事例コンテンツを制作するにあたり、何を目的にするかでウェブ上の設計や見せ方も大きく変わります。例えば、リード獲得を目的とした場合はウェブ上に全ての記事を出すのではなく一部の記事を公開し、全編公開のPDF資料を資料請求して頂くようにすることでリード獲得から商談に繋げやすくなるでしょう。
また、ターゲットがエンタープライズ企業だとすると、同じ業界で誰でも知っているような大手企業の事例取材記事を掲載することで、より信頼度が増し、導入を検討している方は記事を読んでみたいと思う方は多いのではないでしょうか。当社の支援しているクライアント様でも事例コンテンツ施策で月間のリード獲得数が4倍以上に増加した例もあります。
一方で事例コンテンツ施策は、すでに導入企業が存在する製品や満足してその製品やサービスを使って頂いている場合に限ります。その点は注意が必要でしょう。
事例取材の知識や経験がない場合は知識や経験が豊富な外部パートナーを探すと良いでしょう。弊社でも事例コンテンツ施策を支援するサービスを提供しているので、お気軽にご相談ください。
弊社事例取材サービスはこちら
https://nulbirth-marketing.jp/lp/usecase-service/
ホワイトペーパー施策
ホワイトペーパーとは、ユーザーにとって価値がある情報が載った資料のことで、市場環境や技術動向の分析・製品紹介・他社製品との詳細な比較や課題解決コンテンツなどがまとめられた資料のことをさします。

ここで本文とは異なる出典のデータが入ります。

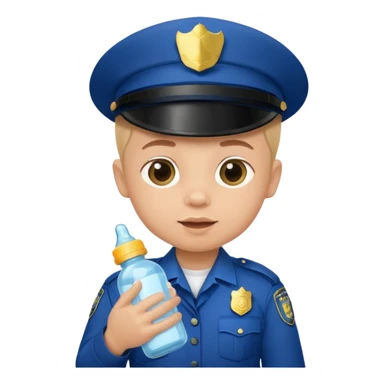 baby police with baby bottle sticker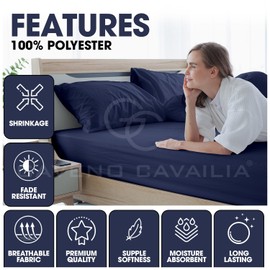 Microfiber Pillow Cases 2 Pack | Easy Care Plain Dyed Wrinkle, Fade Resistant Navy Bedding | Super Soft Breathable Microfibre Pair of Pillowcases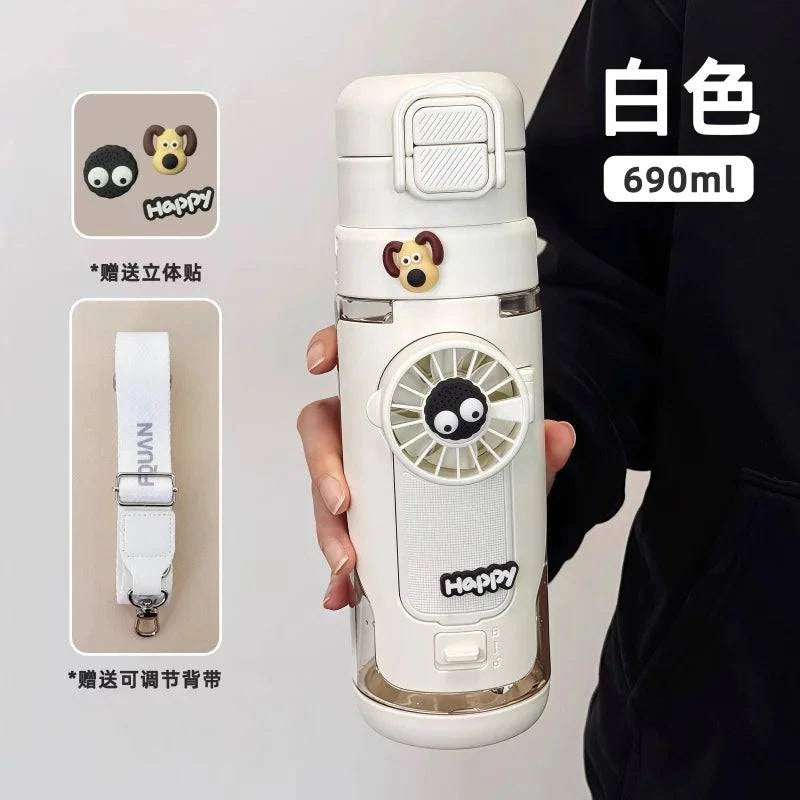 Nehwei 2-in-1 portable water bottle with built-in fan and mist spray, leakproof design for outdoor sports and kids.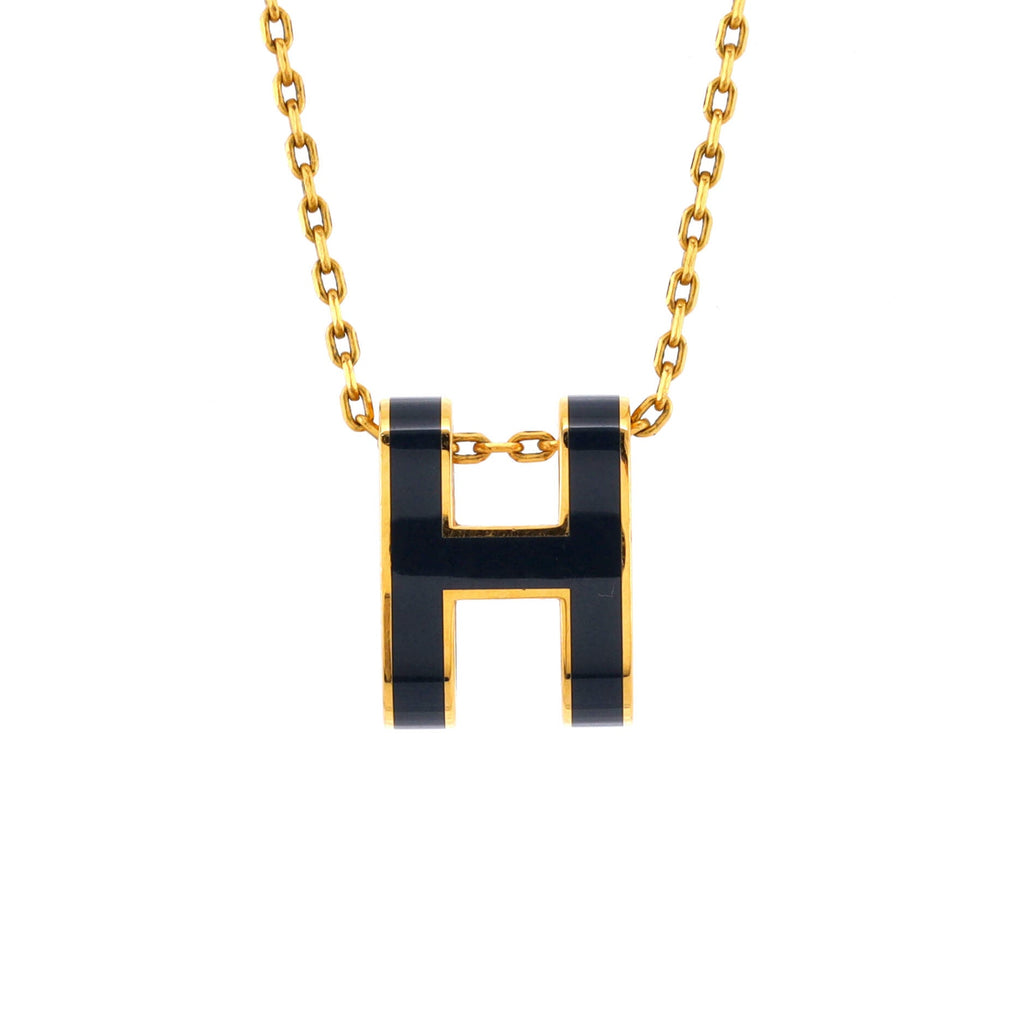 Pop H Pendant Chain Necklace Metal and Enamel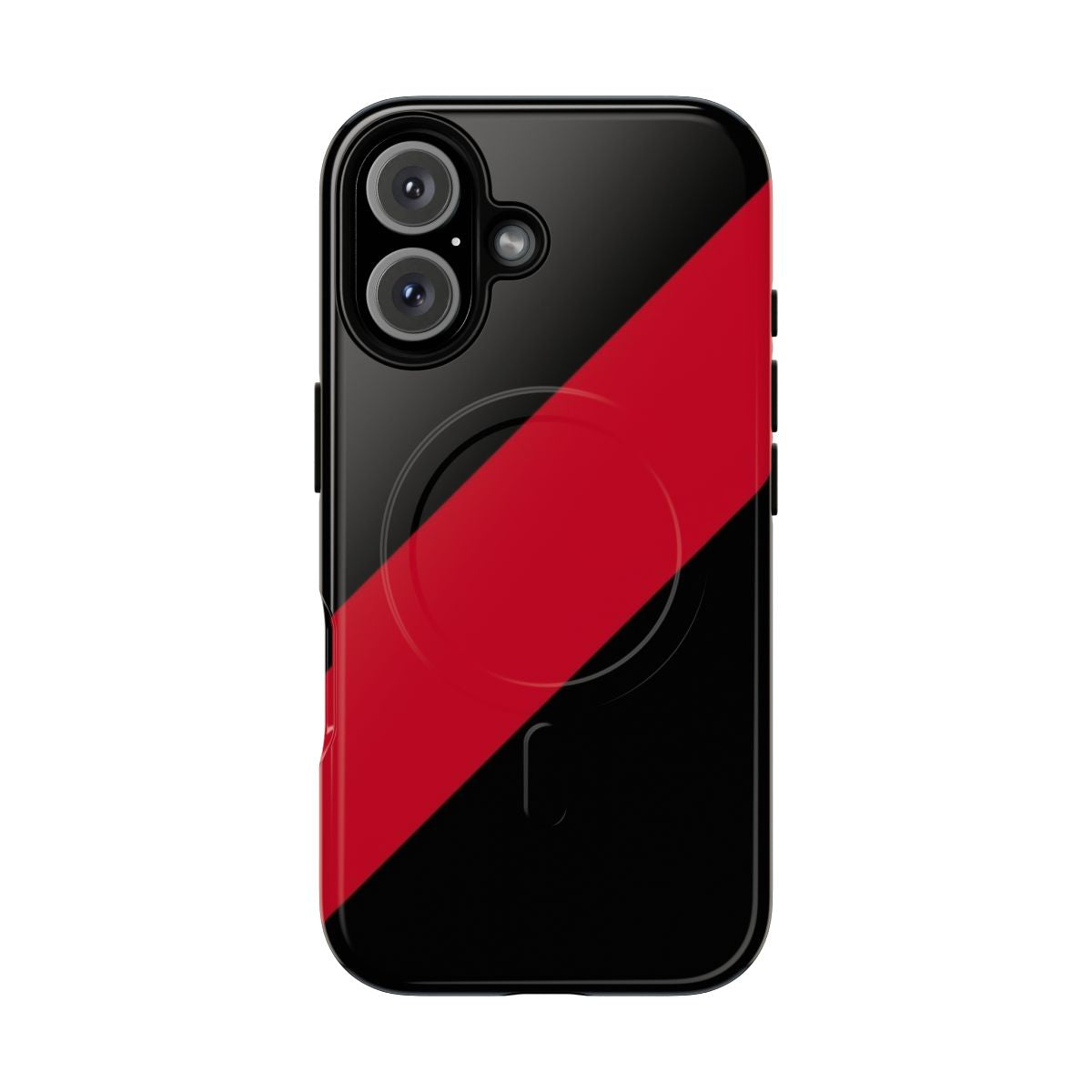 Red and black phone case with a magnetic closure and tough design, perfect for Essendon Bombers fans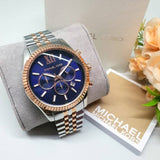 Michael Kors Lexington Blue Dial Two Tone Steel Strap Watch for Men - MK8412 Buy Now By Michael Kors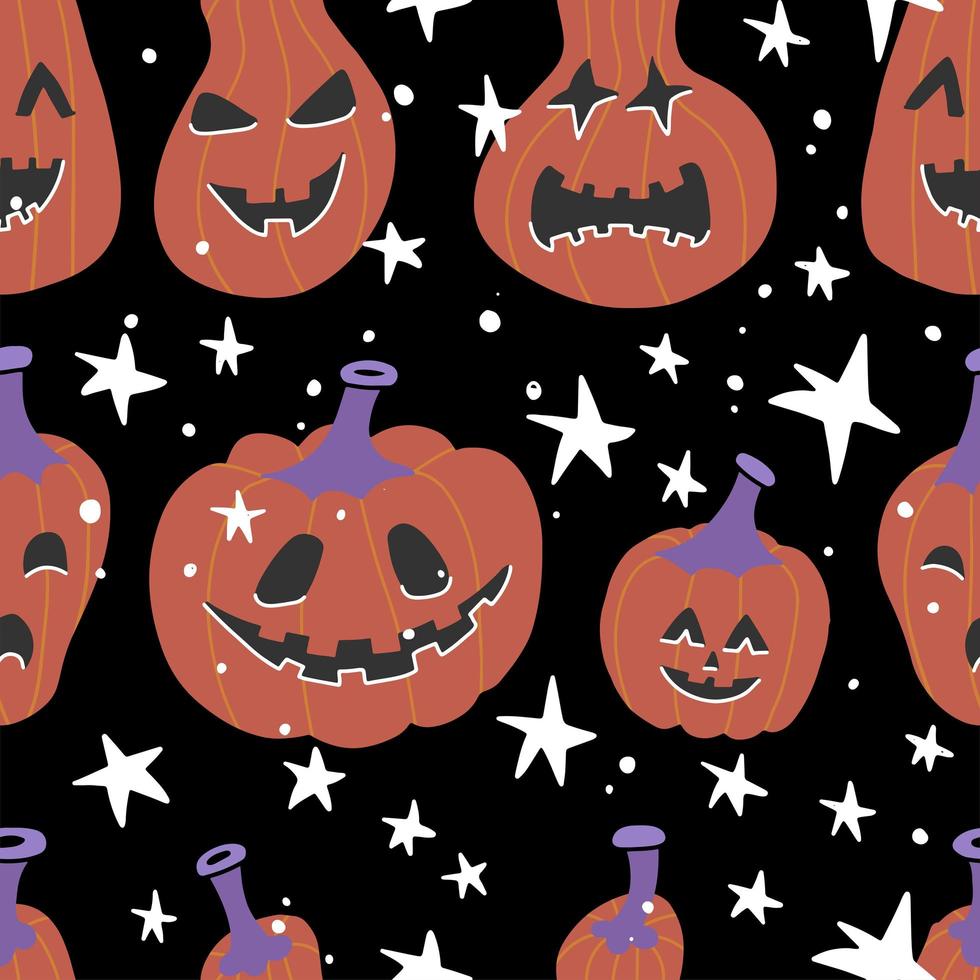 Halloween seamless bright kids doodle pattern. The day of the Dead, Pumpkin with scary faces and stars. Flat vector illustration on black background.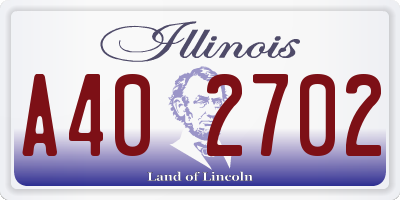 IL license plate A402702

近年ではリードを獲得するためのマーケティング施策として主にBtoBで活用されています。というのも、企業が自社WEBサイトに掲載したホワイトペーパーは、ユーザーが個人情報を入力することでダウンロードできる仕組みにしているため、企業側はWEBサイトに訪問しているユーザーの個人情報を比較的簡単に得ることができます。また、ユーザー側からしても、無料で専門性の高い情報や製品の検討材料となる資料を得ることができるのはホワイトペーパーの良い点でしょう。
ホワイトペーパーとよく比較されるものとして営業資料がありますが、ホワイトペーパーと営業資料では根本的に対象者と目的が異なるので注意が必要です。ホワイトペーパーと営業資料をほとんど同じ資料として利用している企業が存在しますが、あなたの会社ではどうでしょうか?
ホワイトペーパーは、潜在顧客を含めた顧客を対象とし、その課題解決のための参考資料を提供することに対して、営業資料は自社サービスに興味を持っている顧客を対象に、サービスの概要や導入することで得られるメリットを伝えるために作成された資料になります。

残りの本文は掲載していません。